Fruit sessile, cylindrical, or barrel-shaped, 0.7–1.2 cm long, 0.8–1.2 cm wide, glaucous or non-glaucous, disc usually raised-convex or level, rarely slightly descending, valves 3 or 4, near rim level or enclosed.
Seeds black, brown or grey, 1.5–3.5 mm long, ovoid or flattened-ovoid, often pointed at one end, sometimes lacunose, dorsal surface usually pitted, hilum ventral.
Cultivated seedlings (measured at ca node 10): cotyledons bilobed; stems rounded in cross-section, smooth or slightly warty, glaucous; leaves sessile and opposite for many nodes, orbicular, 1.4–3.4 cm long, 1.4–4 cm wide, amplexicaul, margin entire or subcrenulate, apex rounded or emarginate, glaucous.
Flowering has been recorded in February, March, April and May.
A small to medium-sized tree or mallee of high, well-drained country in south-eastern New South Wales, e.g. Tidbinbilla (ACT) and the Tinderry Range, and of eastern Victoria, e.g. Tingiringi, Mt Erica, on granite.
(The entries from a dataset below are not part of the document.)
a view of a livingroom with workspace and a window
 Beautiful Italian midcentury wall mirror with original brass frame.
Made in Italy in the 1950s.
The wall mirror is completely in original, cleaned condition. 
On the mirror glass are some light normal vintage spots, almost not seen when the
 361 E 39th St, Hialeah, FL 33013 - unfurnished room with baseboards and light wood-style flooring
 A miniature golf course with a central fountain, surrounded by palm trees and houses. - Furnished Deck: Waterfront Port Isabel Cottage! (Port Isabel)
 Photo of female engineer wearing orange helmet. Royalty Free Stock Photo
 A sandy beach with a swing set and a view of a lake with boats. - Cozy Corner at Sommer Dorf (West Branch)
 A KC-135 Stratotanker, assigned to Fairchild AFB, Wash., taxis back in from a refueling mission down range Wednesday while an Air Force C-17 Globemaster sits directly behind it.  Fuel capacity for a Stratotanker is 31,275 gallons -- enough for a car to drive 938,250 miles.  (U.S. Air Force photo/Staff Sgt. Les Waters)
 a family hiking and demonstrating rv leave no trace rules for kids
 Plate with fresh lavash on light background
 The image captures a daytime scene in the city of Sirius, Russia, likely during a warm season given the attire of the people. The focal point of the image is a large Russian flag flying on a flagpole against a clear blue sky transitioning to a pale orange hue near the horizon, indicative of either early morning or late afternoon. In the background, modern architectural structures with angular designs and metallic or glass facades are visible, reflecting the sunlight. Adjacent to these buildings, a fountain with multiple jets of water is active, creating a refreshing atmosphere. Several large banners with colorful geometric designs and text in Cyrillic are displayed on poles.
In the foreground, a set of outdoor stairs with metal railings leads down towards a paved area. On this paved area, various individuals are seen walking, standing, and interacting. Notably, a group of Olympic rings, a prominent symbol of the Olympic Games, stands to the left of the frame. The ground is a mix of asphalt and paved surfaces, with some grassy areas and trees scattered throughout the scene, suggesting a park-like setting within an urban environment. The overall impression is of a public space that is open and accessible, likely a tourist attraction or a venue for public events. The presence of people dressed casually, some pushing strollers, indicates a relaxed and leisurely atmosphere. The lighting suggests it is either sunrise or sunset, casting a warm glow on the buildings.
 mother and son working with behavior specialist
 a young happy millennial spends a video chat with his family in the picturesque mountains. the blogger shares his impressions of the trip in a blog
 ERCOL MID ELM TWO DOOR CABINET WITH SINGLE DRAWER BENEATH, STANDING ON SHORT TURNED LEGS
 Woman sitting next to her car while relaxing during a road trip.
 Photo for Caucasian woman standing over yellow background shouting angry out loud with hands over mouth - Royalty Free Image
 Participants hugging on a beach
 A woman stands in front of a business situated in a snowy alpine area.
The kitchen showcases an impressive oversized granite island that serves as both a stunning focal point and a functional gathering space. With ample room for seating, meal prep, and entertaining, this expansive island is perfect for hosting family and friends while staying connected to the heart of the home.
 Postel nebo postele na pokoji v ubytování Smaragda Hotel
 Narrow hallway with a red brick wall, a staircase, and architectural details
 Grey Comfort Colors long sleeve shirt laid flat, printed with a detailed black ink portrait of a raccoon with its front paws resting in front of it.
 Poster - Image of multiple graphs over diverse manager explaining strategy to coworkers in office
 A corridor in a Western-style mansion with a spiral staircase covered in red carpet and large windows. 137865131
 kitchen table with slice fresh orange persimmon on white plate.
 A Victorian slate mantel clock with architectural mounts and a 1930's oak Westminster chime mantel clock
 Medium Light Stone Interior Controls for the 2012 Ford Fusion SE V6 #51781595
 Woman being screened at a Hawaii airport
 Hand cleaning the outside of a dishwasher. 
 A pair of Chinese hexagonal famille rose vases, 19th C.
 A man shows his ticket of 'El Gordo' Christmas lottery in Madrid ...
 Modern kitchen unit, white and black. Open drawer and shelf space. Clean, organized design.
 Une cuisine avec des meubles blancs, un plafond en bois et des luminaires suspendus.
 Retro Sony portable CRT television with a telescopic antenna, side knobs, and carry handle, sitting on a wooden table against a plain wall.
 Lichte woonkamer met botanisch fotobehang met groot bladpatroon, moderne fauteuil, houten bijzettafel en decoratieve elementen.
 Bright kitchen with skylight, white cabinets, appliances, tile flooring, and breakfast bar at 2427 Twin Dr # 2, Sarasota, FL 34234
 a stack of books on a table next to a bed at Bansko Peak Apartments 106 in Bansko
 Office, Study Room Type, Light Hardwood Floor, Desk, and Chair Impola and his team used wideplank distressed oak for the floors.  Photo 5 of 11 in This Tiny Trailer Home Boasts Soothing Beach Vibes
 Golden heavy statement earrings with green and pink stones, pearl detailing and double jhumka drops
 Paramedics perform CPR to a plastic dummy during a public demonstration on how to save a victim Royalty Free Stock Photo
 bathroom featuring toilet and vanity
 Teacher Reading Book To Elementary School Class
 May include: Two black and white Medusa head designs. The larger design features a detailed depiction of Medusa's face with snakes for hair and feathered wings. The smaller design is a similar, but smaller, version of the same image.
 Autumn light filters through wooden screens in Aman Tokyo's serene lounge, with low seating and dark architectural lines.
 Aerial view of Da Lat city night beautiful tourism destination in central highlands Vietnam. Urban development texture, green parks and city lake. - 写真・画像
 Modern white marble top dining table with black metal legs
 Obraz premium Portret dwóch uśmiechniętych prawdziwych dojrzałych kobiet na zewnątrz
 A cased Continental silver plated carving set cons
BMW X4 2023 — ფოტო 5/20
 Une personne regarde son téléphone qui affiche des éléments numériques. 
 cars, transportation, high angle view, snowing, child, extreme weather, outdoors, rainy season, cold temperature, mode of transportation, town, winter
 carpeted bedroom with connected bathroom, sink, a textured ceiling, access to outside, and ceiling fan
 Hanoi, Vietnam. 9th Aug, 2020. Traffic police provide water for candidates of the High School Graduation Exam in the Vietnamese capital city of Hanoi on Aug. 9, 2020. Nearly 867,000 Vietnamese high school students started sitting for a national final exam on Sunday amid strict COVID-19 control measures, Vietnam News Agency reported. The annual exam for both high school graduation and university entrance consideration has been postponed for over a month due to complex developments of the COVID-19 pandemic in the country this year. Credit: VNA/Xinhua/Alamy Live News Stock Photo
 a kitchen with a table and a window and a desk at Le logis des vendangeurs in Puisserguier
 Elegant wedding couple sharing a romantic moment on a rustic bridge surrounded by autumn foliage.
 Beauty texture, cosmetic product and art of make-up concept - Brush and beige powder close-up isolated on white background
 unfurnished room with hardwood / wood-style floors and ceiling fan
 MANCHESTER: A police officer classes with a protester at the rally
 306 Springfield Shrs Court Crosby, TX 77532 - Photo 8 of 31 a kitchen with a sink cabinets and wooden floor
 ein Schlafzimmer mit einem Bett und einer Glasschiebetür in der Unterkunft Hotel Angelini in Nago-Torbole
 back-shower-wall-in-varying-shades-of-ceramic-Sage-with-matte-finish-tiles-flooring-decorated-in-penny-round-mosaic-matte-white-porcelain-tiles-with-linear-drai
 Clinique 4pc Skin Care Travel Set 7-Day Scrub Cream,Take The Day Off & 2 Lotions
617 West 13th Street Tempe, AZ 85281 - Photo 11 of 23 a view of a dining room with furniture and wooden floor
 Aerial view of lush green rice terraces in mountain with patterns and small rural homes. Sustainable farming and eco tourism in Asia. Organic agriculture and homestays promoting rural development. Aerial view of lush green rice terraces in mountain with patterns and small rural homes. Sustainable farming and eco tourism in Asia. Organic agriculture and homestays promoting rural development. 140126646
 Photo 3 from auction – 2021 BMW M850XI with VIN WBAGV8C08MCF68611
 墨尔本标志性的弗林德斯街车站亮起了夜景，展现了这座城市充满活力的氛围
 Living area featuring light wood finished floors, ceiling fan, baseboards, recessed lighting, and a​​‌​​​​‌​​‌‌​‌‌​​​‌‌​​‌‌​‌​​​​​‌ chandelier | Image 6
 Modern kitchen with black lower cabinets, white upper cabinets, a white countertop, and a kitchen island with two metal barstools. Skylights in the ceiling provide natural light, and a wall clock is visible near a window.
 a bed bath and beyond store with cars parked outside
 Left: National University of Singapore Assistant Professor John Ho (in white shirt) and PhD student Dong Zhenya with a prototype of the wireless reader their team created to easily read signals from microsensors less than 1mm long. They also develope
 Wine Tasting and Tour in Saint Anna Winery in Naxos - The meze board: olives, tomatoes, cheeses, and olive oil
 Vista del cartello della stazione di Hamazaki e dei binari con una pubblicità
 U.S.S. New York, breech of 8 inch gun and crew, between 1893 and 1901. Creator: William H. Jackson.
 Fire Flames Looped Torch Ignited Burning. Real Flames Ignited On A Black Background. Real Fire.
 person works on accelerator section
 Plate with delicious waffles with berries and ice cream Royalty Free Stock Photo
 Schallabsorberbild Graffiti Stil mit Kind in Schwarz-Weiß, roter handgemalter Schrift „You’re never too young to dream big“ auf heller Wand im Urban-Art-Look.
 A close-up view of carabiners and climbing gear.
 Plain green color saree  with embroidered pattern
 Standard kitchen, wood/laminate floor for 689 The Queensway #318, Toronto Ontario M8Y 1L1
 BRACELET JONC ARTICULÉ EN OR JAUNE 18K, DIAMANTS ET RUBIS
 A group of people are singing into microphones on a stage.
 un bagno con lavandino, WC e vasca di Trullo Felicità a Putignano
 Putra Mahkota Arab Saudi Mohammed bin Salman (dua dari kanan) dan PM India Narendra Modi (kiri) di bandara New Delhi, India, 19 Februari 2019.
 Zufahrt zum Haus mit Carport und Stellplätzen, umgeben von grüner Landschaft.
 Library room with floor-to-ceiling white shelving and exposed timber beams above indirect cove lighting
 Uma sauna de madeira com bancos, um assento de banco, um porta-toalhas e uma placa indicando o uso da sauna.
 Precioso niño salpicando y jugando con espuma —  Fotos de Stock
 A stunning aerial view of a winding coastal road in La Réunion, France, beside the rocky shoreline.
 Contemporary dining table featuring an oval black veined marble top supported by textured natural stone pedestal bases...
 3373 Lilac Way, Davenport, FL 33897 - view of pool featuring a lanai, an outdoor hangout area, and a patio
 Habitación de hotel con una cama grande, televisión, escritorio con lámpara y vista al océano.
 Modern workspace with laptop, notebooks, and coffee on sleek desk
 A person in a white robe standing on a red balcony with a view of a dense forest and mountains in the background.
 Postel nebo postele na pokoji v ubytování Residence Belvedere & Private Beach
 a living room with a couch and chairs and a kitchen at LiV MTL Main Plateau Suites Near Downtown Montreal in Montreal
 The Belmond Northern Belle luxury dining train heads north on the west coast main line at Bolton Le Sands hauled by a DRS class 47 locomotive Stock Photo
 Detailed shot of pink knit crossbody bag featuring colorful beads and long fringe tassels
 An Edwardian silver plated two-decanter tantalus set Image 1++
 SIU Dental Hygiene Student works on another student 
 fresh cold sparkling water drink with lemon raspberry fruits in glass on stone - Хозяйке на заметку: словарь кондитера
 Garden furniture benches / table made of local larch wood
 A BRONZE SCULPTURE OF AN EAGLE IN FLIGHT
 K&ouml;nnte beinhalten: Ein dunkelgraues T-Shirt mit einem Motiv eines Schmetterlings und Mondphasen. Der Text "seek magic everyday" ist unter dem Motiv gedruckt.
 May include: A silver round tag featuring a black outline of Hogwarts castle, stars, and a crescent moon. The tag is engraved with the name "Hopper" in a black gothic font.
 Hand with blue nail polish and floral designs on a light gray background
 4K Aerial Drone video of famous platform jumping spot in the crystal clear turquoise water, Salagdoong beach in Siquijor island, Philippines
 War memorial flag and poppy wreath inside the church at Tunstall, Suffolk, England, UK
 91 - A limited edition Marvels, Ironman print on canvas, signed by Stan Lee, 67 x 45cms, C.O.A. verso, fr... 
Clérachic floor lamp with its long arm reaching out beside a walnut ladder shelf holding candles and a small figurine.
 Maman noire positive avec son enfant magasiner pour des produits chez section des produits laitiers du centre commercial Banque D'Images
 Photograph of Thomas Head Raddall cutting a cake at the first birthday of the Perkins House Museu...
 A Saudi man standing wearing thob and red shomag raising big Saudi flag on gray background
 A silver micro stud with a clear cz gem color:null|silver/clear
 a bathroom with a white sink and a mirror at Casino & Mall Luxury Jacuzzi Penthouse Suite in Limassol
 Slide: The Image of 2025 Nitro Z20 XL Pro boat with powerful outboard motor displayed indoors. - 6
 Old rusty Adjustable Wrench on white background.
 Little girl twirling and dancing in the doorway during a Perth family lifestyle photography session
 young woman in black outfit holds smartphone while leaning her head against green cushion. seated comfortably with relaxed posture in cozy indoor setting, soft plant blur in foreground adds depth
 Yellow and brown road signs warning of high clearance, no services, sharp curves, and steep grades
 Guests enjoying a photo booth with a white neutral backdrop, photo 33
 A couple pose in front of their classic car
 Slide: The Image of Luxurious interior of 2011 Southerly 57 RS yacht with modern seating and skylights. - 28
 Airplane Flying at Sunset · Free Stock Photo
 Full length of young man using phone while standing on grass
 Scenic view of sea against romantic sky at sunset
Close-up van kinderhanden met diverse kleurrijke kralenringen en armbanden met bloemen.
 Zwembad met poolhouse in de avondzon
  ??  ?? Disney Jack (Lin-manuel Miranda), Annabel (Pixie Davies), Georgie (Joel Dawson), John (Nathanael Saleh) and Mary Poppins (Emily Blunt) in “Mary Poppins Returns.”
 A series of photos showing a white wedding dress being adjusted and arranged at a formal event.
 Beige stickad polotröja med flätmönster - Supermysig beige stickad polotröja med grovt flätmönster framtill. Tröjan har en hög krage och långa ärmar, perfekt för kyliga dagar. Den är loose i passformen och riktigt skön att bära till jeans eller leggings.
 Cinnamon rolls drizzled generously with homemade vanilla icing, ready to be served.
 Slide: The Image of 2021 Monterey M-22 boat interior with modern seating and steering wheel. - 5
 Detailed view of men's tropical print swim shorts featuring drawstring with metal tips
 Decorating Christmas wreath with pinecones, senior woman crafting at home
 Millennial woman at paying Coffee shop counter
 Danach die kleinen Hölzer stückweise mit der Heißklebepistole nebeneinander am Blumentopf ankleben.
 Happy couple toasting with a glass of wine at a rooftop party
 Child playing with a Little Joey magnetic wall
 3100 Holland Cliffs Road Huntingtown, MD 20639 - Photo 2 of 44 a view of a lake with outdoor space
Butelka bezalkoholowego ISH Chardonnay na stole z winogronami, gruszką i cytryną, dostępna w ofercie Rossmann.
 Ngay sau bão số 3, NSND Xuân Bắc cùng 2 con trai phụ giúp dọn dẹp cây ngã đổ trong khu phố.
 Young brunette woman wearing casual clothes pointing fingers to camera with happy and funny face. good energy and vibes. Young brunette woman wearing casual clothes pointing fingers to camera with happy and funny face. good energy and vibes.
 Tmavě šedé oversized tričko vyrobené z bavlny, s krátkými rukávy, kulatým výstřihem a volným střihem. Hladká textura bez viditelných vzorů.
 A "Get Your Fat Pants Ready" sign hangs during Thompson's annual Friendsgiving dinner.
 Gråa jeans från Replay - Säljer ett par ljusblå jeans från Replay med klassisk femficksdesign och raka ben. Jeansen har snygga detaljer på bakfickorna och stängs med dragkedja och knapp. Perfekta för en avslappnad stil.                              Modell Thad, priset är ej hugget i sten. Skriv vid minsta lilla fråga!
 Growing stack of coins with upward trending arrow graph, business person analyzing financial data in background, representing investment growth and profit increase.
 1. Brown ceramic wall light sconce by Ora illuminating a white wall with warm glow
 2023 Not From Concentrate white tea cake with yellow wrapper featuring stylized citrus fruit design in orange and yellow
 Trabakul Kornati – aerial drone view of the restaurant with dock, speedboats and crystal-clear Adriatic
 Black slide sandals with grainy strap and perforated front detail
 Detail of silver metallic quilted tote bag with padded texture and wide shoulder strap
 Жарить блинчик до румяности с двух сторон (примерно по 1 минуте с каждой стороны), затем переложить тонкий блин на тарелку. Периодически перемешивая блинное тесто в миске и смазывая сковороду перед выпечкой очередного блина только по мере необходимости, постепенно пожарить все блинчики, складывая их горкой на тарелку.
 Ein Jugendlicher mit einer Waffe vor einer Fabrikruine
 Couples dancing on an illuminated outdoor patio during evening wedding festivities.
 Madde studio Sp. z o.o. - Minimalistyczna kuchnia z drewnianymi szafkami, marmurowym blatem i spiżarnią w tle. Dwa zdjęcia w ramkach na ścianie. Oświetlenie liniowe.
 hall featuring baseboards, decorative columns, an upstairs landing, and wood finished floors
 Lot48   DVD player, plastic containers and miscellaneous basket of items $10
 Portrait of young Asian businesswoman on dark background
The tree form of E. glaucescens has a stocking of rough, fibrous bark, while the mallees are smooth-stemmed. Both shed bark in long persistent ribbons. It differs from other three-budded species, e.g. E. viminalis, which prefers valley bottoms and has lanceolate juvenile leaves; E. dalrympleana, which is a smooth-barked tree with light green juvenile leaves; and E. rubida, which is smooth-barked and has glaucous buds, fruits and juvenile leaves. All three species have obconical to hemispherical fruit that contrast with the cupular-cylindrical fruit of E. glaucescens. Another related high mountain 3-budded species of rocky sites, E. perriniana, differs in having juvenile leaves connate around the stem, and these juveniles may persist and form most of the crown of the reproductivly mature tree, and shorter ovoid buds than in E. glaucescens. Yet another related high mountain 3-budded mallee species, Eucalyptus saxatilis, differs in having buds constricted below the middle and larger fruit with prominent disc.
Eucalyptus glaucescens belongs in Eucalyptus subgenus Symphyomyrtus section Maidenaria, a large group of species more or less restricted to south-eastern Australia, characterised by bilobed cotyledons, simple axillary inflorescences, buds with two opercula, stamens with versatile anthers and flattened seeds with a ventral hilum. Within this section, E. glaucescens, with nine other species, forms series Orbiculares having orbicular to ovate juvenile leaves opposite for many nodes, a greyish green crown, buds in threes, and fruit with valves near rim level. Series Orbiculares is confined to far south-eastern New South Wales, eastern Victoria and Tasmania, the species being E. perriniana, E. glaucescens, E. saxatilis, E. pulverulenta, E. chapmaniana, and the Tasmanian endemics E. gunnii, E. archeri, E. morrisbyi, E. urnigera and E. cordata.